One of the major things that Pip learns about is love; love within families, love between friends, and most important, his love for Estella. Before his visit to Satis House Pip has had almost no contact with girls his age and so on meeting Estella, a girl of such elegance and beauty, he experiences feelings and emotions which are completely new to him. He is amazed by her power and the way she puts Mr Pumblechook down. She calls him ‘boy’ and commands him with tremendous authority. She says things like ‘don’t loiter boy’ (Ch. 8 p. 55) and ‘don’t be ridiculous boy’ (Ch.8 p.56) which make Pip feel pathetic and useless. Pip starts to feel an immense passion for Estella and the bitter reception that she gives him just strengthens and feeds his obsession with her. Pip realises the strength and complications of love through his obsession and is prepared to go to any extreme just to win her heart. Dickens creates a cold-hearted, younger version of Miss Havisham to destroy Pip and shatter his heart.
He uses cruel and insulting language to reject Pip from the higher class of living and makes him think about his current humble life at the forge. Estella calls him a ‘common labouring-boy’ (Ch. 8 p.59) which puts Pip in his place and makes him think about the way he lives. The fact that Estella says that Pip has ‘coarse hands’ (Ch.8, p.60) and wears ‘thick boots’ (Ch.8, p.60) upsets him and shows us how insensitive Estella can be. This is the first time in his childhood that Pip has become self-conscious of his appearance and this is where is desire to be a gentleman begins. Dickens makes the reader feel sorry for Pip in this first visit to Satis House. He is at an age when he is easily influenced and he is almost helpless to insults and criticism thrown at him.

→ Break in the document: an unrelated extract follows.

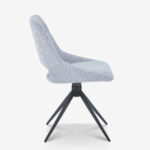 Swivel Chair Luciano Gray Black (4)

All the way through ‘Great Expectations’ from his childhood in the marshes to his life as a gentleman, Pip is forever learning about himself. He is very ignorant about who he is and refuses to even consider returning to his humble life from his luxury life as a gentleman. Self-knowledge and self-discovery is an important theme in the novel. Pip rejects his humble origins at the forge and aspires to become a gentleman. Although he is given material wealth and taught table manners and how to speak in a different may, he loses much in the process. It is only through hardship, loss, and the example of Joe that he comes to humbly realise the worthlessness of his previous behaviour and the emptiness of his ambitions.
As the novel of ‘Great Expectations’ develops, so does Pip’s character. He learns that he cannot escape his past and his childhood and there are roots that he cannot get away from. The reappearance of Magwitch stirs up memories for Pip and brings the past back to haunt him. Pip also learns that his natural status in life is not to be a gentleman, but he belongs in the marshes working as a blacksmith in the forge. It is the visits from Joe that makes him realise all this. Joe does not change. He realises that he is in his element at the forge and he never loses his basic decency and honesty. One of the reasons why Pip is so embarrassed and ashamed of Joe is because Joe reminds him how he should be living and makes him feel tremendous amounts of guilt. ‘And in the first flow of my repentance it was equally clear that I must stay at Joe’s’ (Ch. 35 p.223).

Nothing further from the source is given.